III. La détermination de la peine en matière d’outrage au tribunal

[8] La règle 472 des Règles des Cours fédérales, DORS/98-106, énonce les sanctions que la Cour peut imposer en matière d’outrage au tribunal :

472 Lorsqu’une personne est reconnue coupable d’outrage au tribunal, le juge peut ordonner :

472 Where a person is found to be in contempt, a judge may order that

a) qu’elle soit incarcérée pour une période de moins de cinq ans ou jusqu’à ce qu’elle se conforme à l’ordonnance;

(a) the person be imprisoned for a period of less than five years or until the person complies with the order;

b) qu’elle soit incarcérée pour une période de moins de cinq ans si elle ne se conforme pas à l’ordonnance;

(b) the person be imprisoned for a period of less than five years if the person fails to comply with the order;

c) qu’elle paie une amende;

(c) the person pay a fine;

d) qu’elle accomplisse un acte ou s’abstienne de l’accomplir;

(d) the person do or refrain from doing any act;

e) que les biens de la personne soient mis sous séquestre, dans le cas visé à la règle 429;

(e) in respect of a person referred to in rule 429, the person’s property be sequestered; and

f) qu’elle soit condamnée aux dépens.

(f) the person pay costs.

[9] Les Règles ne précisent pas les principes qui permettent de déterminer une peine adéquate. On s’en remet habituellement aux principes régissant la détermination de la peine en droit criminel : Institut professionnel de la fonction publique du Canada c Bremsak, 2013 CAF 214, au paragraphe 29 [Bremsak]; Tremaine c Canada (Commission canadienne des droits de la personne), 2014 CAF 192 au paragraphe 19 [Tremaine]. Résumés aux articles 718 à 718.2 du Code criminel, LRC 1985, c C-46, ces principes comprennent les buts poursuivis par l’imposition de la peine, ainsi qu’une méthodologie visant à guider l’exercice de la discrétion judiciaire.
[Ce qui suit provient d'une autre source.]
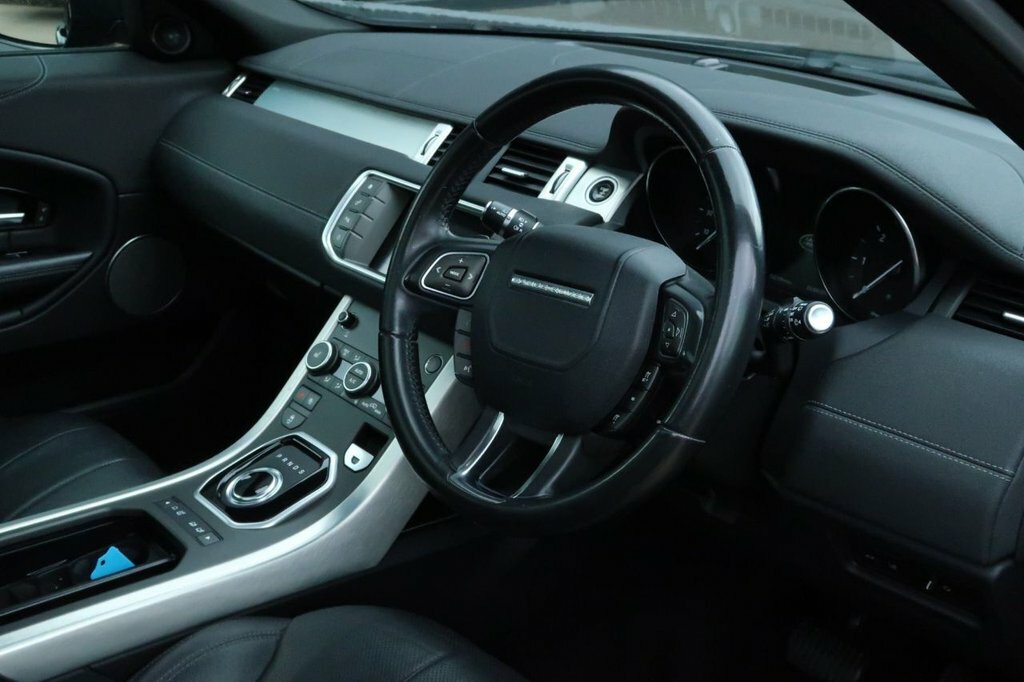Land Rover Range Rover Evoque 2L Se Tech LO67UMD Black #3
[10] Tout comme les sanctions en matière criminelle, l’imposition d’une peine pour outrage au tribunal poursuit notamment des objectifs de dénonciation et de dissuasion : article 718 du Code criminel. Cependant, en matière d’outrage au tribunal, la peine poursuit fréquemment un but coercitif, c’est-à-dire de contraindre le défendeur récalcitrant à se conformer à une ordonnance du tribunal : Carey c Laiken, 2015 CSC 17 au paragraphe 31, [2015] 2 RCS 79; Canada (Revenu national) c Marshall, 2006 CF 788 au paragraphe 16. La règle 472a) illustre cet objectif : une peine d’emprisonnement peut être imposée jusqu’à ce que le contrevenant se conforme à l’ordonnance.
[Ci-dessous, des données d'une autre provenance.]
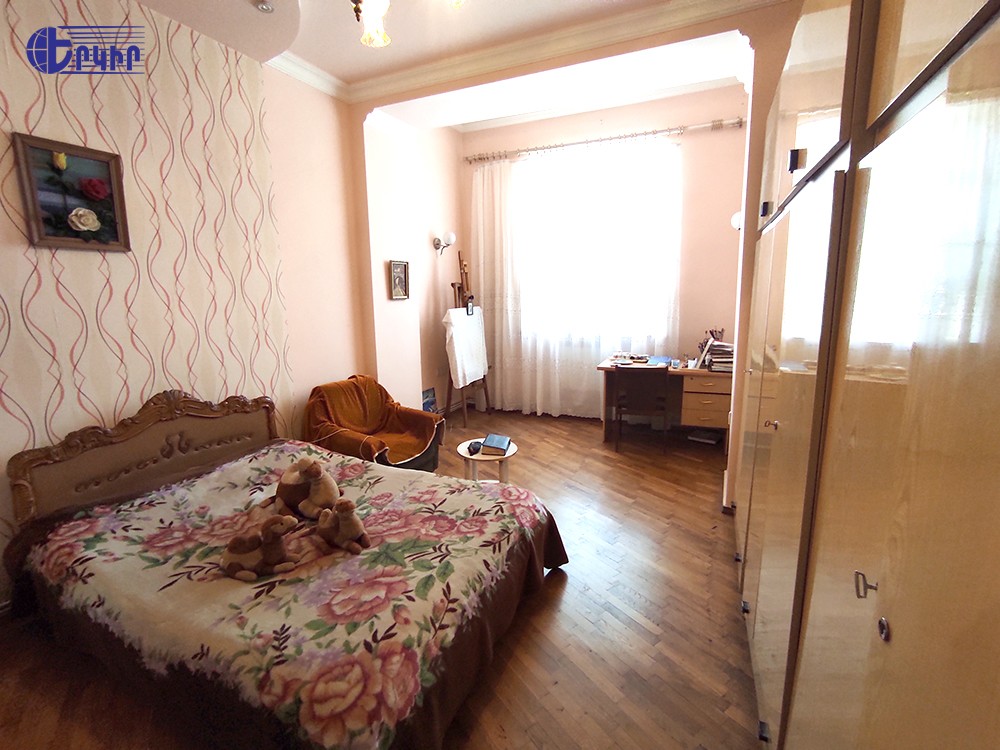 Квартиры Код 5+301854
[11] La méthode permettant de déterminer la peine se fonde tout d’abord sur le principe de proportionnalité. Selon l’article 718.1 du Code criminel, « La peine est proportionnelle à la gravité de l’infraction et au degré de responsabilité du délinquant. » L’application de ce principe conduit le tribunal à apprécier les circonstances aggravantes et atténuantes qui peuvent affecter le degré de responsabilité ou aider à évaluer la gravité de l’infraction.

[12] La gravité de l’infraction peut s’apprécier d’un point de tant objectif que subjectif : Tremaine, au paragraphe 23. Sur le plan objectif, on s’intéressera à la nature de l’acte posé, à ses effets, ou à sa durée. Sur le plan subjectif, l’intention du délinquant devient pertinente : a-t-il agi en toute connaissance de cause, ou s’est-il fié à des conseils professionnels?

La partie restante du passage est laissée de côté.